Teori Agenda Setting ditemukan oleh McComb dan Donald Shaw sekitar tahun 1968. Teori ini berasumsi bahwa media mempunyai kemampuan untuk mentransfer isu untuk mempengaruhi agenda publik. Khalayak akan menganggap suatu isu tersebut penting, karena media menganggap isu tersebut penting (dalam Syaiful Rohim, 2009). 
Dengan adanya kepemilikan media oleh segelintir orang ini, tentunya akan menimbulkan dampak negatif, pada kelangsungan system media di Indonesia. Konglomerasi media ini juga tentunya sangat bertentangan dengan fungsi dan etika media yang seharusnya.
3.   Intervensi Ekonomi Dan Politik Pemilik Terhadap Media
Saat ini masyarakat Indonesia menjadikan media massa sebagai salah satu jembatan informasi mengenai berbagai hal dan realitas dimasyarakat. Baik itu media massa seperti koran, bulletin, majalah, televisi, radio ataupun film. Begitu pula halnya dengan masyarakat yang ada di Provinsi Riau, membaca koran sambil menikmati secangkir kopi dipagi hari seakan-akan telah menjadi ritual sebagian masyarakat.

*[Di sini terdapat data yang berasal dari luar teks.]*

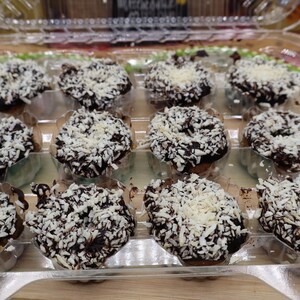 May include: A clear plastic container holding a dozen mini chocolate donuts. The donuts are covered in chocolate frosting and topped with shredded coconut. The donuts are arranged in rows of three.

Kondisi ini tentunya sangat sesuai dengan Teori Depensi Mengenai Efek Komunikasi Massa yang dikembangkan oleh Sandra Ball-Rokeach dan Melvin L DeFleur (1976). Yang memfokuskan perhatiannya pada kondisi struktural suatu masyarakat yang mengatur kecenderungan terjadinya suatu efek media massa. Pemikiran terpenting dari teori ini bahwa dalam masyarakat modern, audience menjadi tergantung pada media massa sebagai sumber informasi bagi pengetahuan tentang, dan orientasi kepada, apa yang terjadi dalam masyarakatnya. Kedua, berkaitan dengan apa yang dilakukan media yang pada dasarnya melayani berbagai fungsi informasi (dalam Syaiful Rohim, 2009)
Media merupakan sarana publik yang seharusnya mampu menyajikan informasi yang benar, komprehensif, dan cerdas. Media sebagai bagian dari komunikasi massa dituntut untuk selalu akurat dan netral, fakta disampaikan dengan jujur dan tentunya dengan memperhatikan etika jurnalisme. Begitu pula halnya dalam menyampaikan pendapat, bukan justru pendapat disampaikan seakan fakta suatu realitas.

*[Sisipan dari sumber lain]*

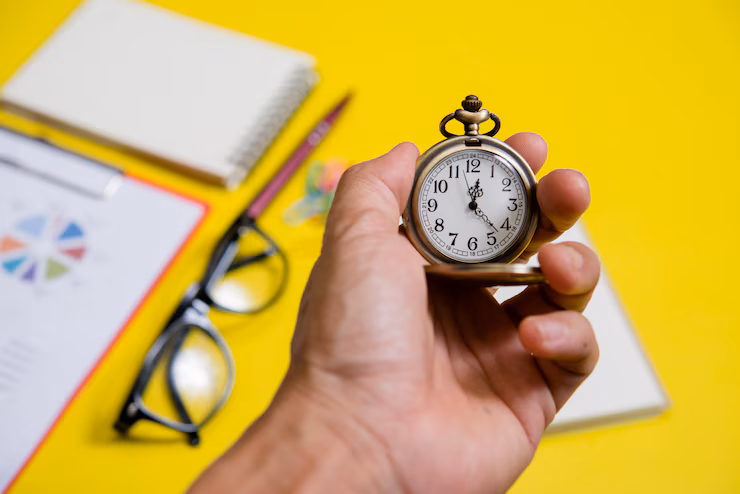 close up of a hand holding clock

Media sebagai saluran juga harus berperan sebagai forum pertukaran pendapat, komentar dan kritik. Mampu mengangkat aspirasi publik, dan membuka akses keberbagai sumber informasi. Media juga harus mampu mengfungsikan diri sebagai instrument pendidik bagi masyarakat, sehingga masyarakat memperoleh pengetahuan dan keterampilan.

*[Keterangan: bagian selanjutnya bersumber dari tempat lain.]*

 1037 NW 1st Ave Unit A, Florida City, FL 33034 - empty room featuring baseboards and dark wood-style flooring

Menurut lasswell dan Wright (1975) ada empat fungsi Komunikasi Massa terhadap masyarakat, sebagai berikut:
Pengawasan lingkungan
Fungsi ini merujuk pada pengumpulan dan penyebaran informasi mengenai berbagai peristiwa yang terjadi. Media massa menyebarkan segala kejadian dan peristiwa sehingga menjadi informasi bagi khalayak. Kejadian dan peristiwa yang berkaitan dengan aspek-aspek sosial, politik, ekonomi dan budaya akan selalu dilaporkan oleh media massa. 

Penghubung antar bagian dalam masyarakat
Setiap sajian berita yang menyangkut hidup orang banyak, akan menjadi stimuli bagi khalayak untuk memberikan tanggapan dan mengenalkan antara masyarakat satu dengan masyarakat lainnya.
     Sosialisai atau pewarisan nilai-nilai
Fungsi ini merujuk pada upaya transmisi dan pendidikan nilai-nilai serta norma-norma dari satu generasi kepada generasi yang berikutnya, atau dari satu kelompok masyarakat terhadap para anggota kelompok yang baru.
     Hiburan
Fungsi hiburan merujuk upaya-upaya komunikatif yang bertujuan untuk memberikan hiburan pada khalayak luas (dalam Yasir, 2009).
Melihat fungsi dari Komunikasi Massa diatas, maka pada pandangan kritis muncul satu pertanyaan sederhana “apakah media mampu melakukan fungsinya tanpa intervensi dari pemilik media?”. 
Pesatnya perkembangan media massa saat ini, telah merubah media menjadi institusi yang menjanjikan secara ekonomi bagi para pengusaha. Berbicara institusi secara ekonomi, tentunya tidak akan lepas dari istilah pasar, produksi, barang, jasa dan keuntungan. Pasar media tentunya memiliki karakteristik yang berbeda dengan pasar lainya. Tentunya media mampu memproduksi barang berupa informasi atau tayangan yang menarik. Sementara jasa yang ditawarkan adalah media sebagai saluran yang menghubungkan para pengiklan dengan masyarakat yang menkonsumsi media tersebut.   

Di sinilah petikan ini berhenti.